Les préoccupations suscitées par l’EIPK ne sont pas la seule raison pour laquelle Moscou consent à travailler avec les talibans. À présent, la Russie réclame avec ces derniers le départ des forces américaines et alliées de l’Afghanistan. En effet, nombreux sont ceux à Moscou qui se réjouissent à l’idée de voir partir les États-Unis dans la foulée d’une défaite, comme l’avait fait l’URSS en 1989. Par contre, tout comme il a réclamé il y a quelques années le retrait des forces américaines d’Asie centrale et souhaité le statu quo en Afghanistan, Moscou pourrait préférer aujourd’hui le maintien du soutien militaire américain à Kaboul, et ce, même si les forces de la coalition quittaient la région.

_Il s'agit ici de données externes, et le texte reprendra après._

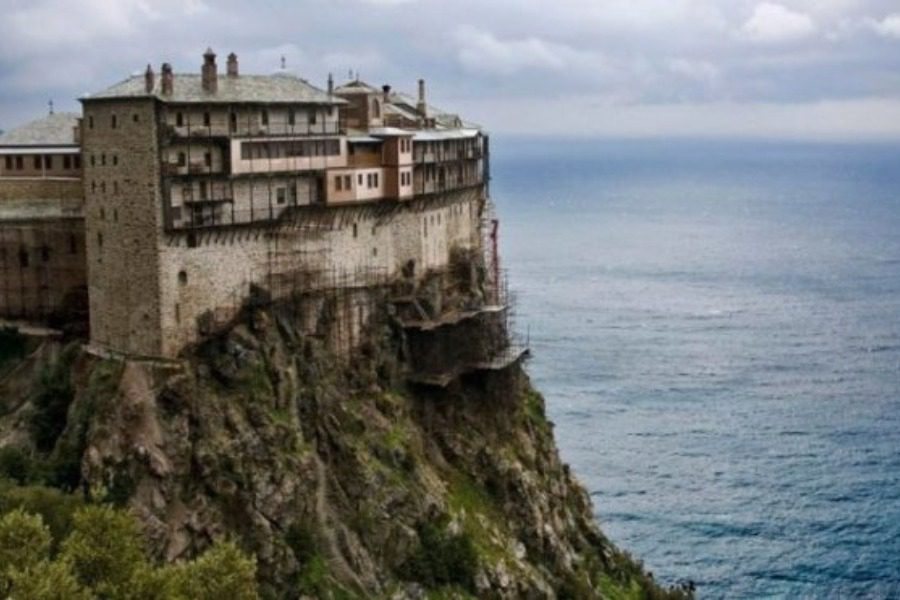 Άγιον Όρος: Ανησυχία για κρούσματα σε μονές 1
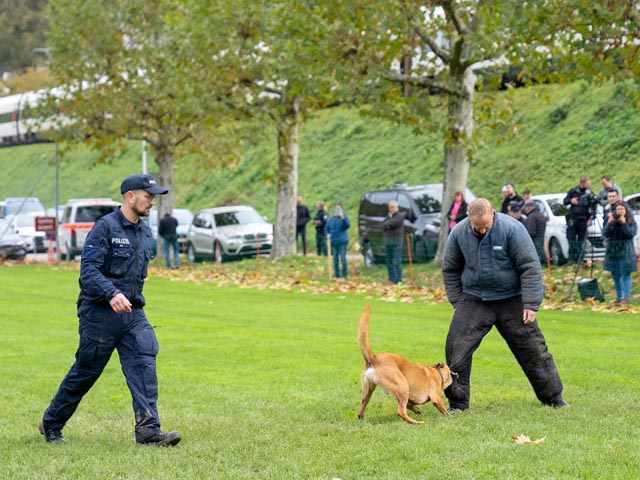 Peter Aebi mit «Ace» bei der Disziplin «Schutzdienst». Foto: zVg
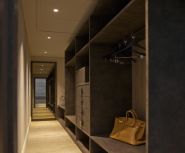 grand suite on the water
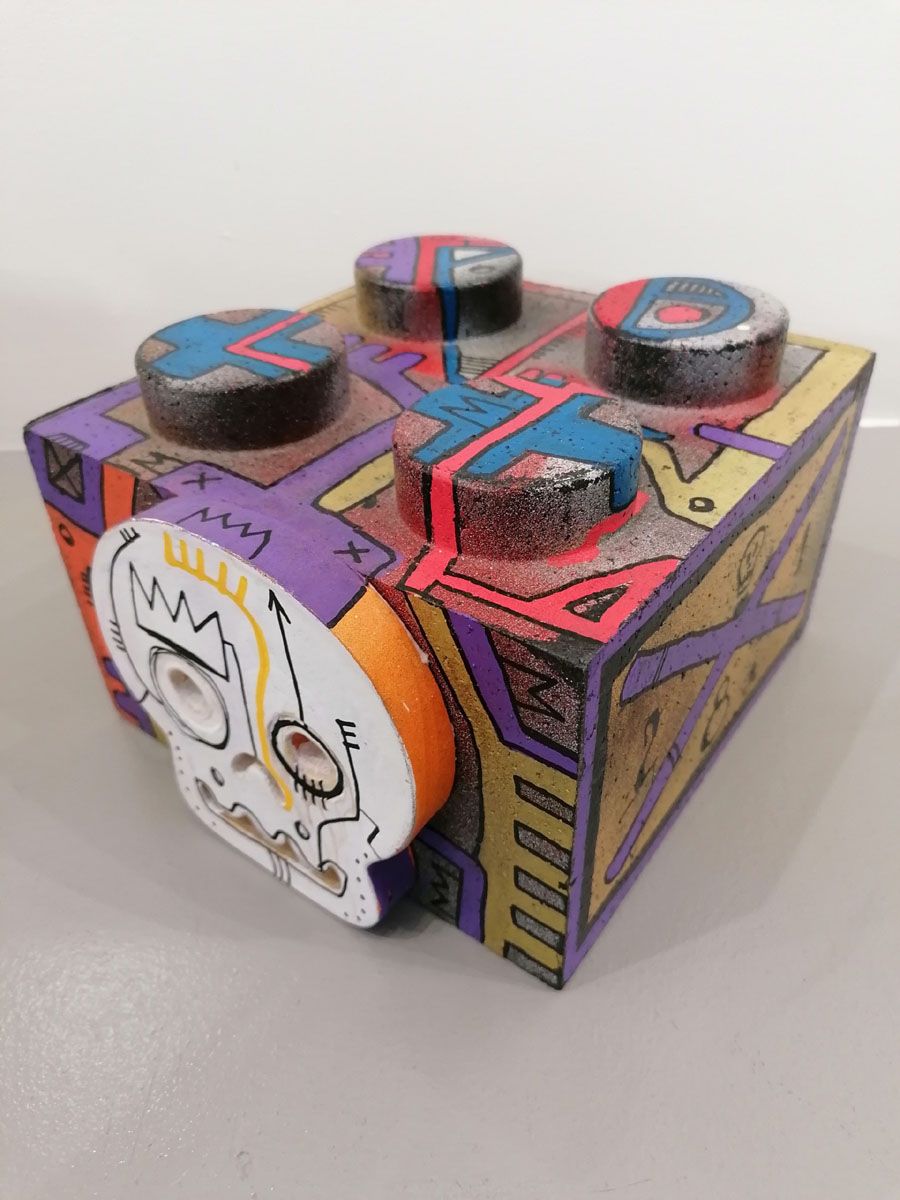 Sculpture graphique petit format CUBE LEGO 2 – TAREK – 11 × 19 cm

La Russie serait ainsi à l’abri des risques générés par une victoire des talibans. De plus, les fonds américains seraient maintenus à Kaboul, ce qui permettrait au gouvernement afghan de continuer à acheter des armes et d’autres biens russes, qu’elle ne pourrait se procurer autrement et que la Russie se refuse à financer.

Les intérêts russes et chinois n’ont pas trop souffert jusqu’à présent de la fragilité croissante de la sécurité en Afghanistan. Moscou et Beijing profitent, pourrait-on dire, de ce qu’aucun des antagonistes n’est suffisamment fort pour dominer les autres, mais que chacun l’est assez pour tenir en respect ses opposants. En raison de leur défaite face aux ennemis de Kaboul, les États-Unis et leurs alliés ne peuvent pas se servir de l’Afghanistan comme base sécuritaire pour disséminer l’influence occidentale en Asie centrale. La présence continue des États-Unis a toutefois empêché les talibans de triompher, eux qui étaient perçus comme une menace par Moscou et Beijing. Ce sont principalement les États-Unis et leurs alliés qui ont endossé la responsabilité d’éviter un tel dénouement.

À l’horizon

Conjugué à la montée de l’EIPK, le retrait de forces américaines et alliées d’Afghanistan (de même que la promesse du président Trump de réduire encore plus ses effectifs) a considérablement changé la donne. Si, en raison de l’effacement progressif de la présence militaire des États‑Unis et des alliés, la Russie et la Chine héritent du fardeau de la lutte contre les forces djihadistes, la montée de l’EIPK a aidé à donner aux talibans l’image d’un groupe qui ne souhaite que des changements à l’échelle du pays et qui profiterait comme ses voisins de la débâcle de l’EIPK. Dans cette conjoncture, Moscou et Beijing seraient en mesure de maintenir un équilibre qui empêcherait une quelconque partie de prendre le contrôle en Afghanistan ou de s’en prendre à leurs intérêts. Mais la situation demeure précaire. La Russie et la Chine pourraient avoir à composer avec des problèmes plus graves si les États-Unis et les alliés devaient effectivement se retirer. En effet, les talibans pourraient s’emparer du pouvoir et renouer avec leurs ambitions internationalistes, ou alors c’est ce à quoi parviendrait l’EIPK si personne ne l’empêche de développer sa puissance. Beijing et Moscou auront à s’investir beaucoup plus s’ils souhaitent mettre leurs intérêts à l’abri des forces djihadistes. Les deux pays répartiront probablement ce fardeau de façon à ce que la Chine fournisse le soutien économique dont a besoin la Russie pour gérer la sécurité d’une manière quelconque. Établir les conditions d’une telle entente pourrait causer des frictions entre les deux pays, surtout si Moscou voit Beijing lui fournir une aide économique qui lui est défavorable en échange d’une tâche qui, à ses yeux, avantage les deux parties à l’entente.

Toutefois, selon la Russie, le pire ne point pas encore à l’horizon. D’ailleurs, Moscou et Beijing mettront tout en œuvre pour tuer le problème dans l’œuf. Même s’ils ne l’admettront pas publiquement, ils éviteront le pire et réduiront au minimum le prix à payer si les États-Unis et leurs alliés maintiennent une présence suffisante en Afghanistan pour que ni les talibans ni l’EIPK ne triomphent.